■ **THE TASK**
Line count for "Large": state how many lines of the data below include it, and output nothing more.

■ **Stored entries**
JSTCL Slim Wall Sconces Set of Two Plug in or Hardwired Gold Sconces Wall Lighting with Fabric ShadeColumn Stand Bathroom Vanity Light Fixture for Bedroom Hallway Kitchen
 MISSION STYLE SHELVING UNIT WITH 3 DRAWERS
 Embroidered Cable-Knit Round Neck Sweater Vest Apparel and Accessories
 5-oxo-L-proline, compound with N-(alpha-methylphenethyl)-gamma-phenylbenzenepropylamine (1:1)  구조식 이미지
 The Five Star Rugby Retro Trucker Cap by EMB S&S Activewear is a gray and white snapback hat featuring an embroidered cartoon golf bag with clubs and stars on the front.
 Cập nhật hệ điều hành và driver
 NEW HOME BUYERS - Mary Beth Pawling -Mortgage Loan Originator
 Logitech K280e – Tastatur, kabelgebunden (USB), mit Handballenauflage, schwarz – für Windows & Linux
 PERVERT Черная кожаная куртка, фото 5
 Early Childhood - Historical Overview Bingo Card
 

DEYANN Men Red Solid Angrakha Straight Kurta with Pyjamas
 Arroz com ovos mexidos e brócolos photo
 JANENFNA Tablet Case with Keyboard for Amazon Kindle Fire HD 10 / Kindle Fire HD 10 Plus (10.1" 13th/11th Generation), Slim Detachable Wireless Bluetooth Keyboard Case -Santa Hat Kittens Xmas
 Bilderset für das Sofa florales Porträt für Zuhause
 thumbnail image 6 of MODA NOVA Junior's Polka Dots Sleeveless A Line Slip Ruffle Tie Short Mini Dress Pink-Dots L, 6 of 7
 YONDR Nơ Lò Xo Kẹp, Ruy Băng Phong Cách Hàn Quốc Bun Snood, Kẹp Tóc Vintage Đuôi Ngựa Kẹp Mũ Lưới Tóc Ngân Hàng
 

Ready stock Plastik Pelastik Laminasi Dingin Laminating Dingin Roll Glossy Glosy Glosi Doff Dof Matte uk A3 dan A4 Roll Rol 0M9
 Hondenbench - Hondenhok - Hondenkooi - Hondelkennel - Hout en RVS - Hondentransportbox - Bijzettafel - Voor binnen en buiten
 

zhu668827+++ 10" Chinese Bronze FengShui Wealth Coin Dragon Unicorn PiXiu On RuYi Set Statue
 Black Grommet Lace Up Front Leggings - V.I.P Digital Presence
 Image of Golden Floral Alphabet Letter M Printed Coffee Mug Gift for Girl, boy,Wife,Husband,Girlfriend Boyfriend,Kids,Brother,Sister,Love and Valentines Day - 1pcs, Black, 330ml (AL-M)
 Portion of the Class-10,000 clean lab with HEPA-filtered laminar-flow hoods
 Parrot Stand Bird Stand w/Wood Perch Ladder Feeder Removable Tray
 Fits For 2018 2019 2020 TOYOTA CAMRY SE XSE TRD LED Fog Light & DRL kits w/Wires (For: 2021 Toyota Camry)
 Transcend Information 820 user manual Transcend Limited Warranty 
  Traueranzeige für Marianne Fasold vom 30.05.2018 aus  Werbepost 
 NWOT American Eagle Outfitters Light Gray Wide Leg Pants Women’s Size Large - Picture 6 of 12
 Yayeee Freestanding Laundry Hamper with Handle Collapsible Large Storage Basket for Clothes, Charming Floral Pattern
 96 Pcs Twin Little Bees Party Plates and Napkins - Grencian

■ **SOLUTION BELOW**
2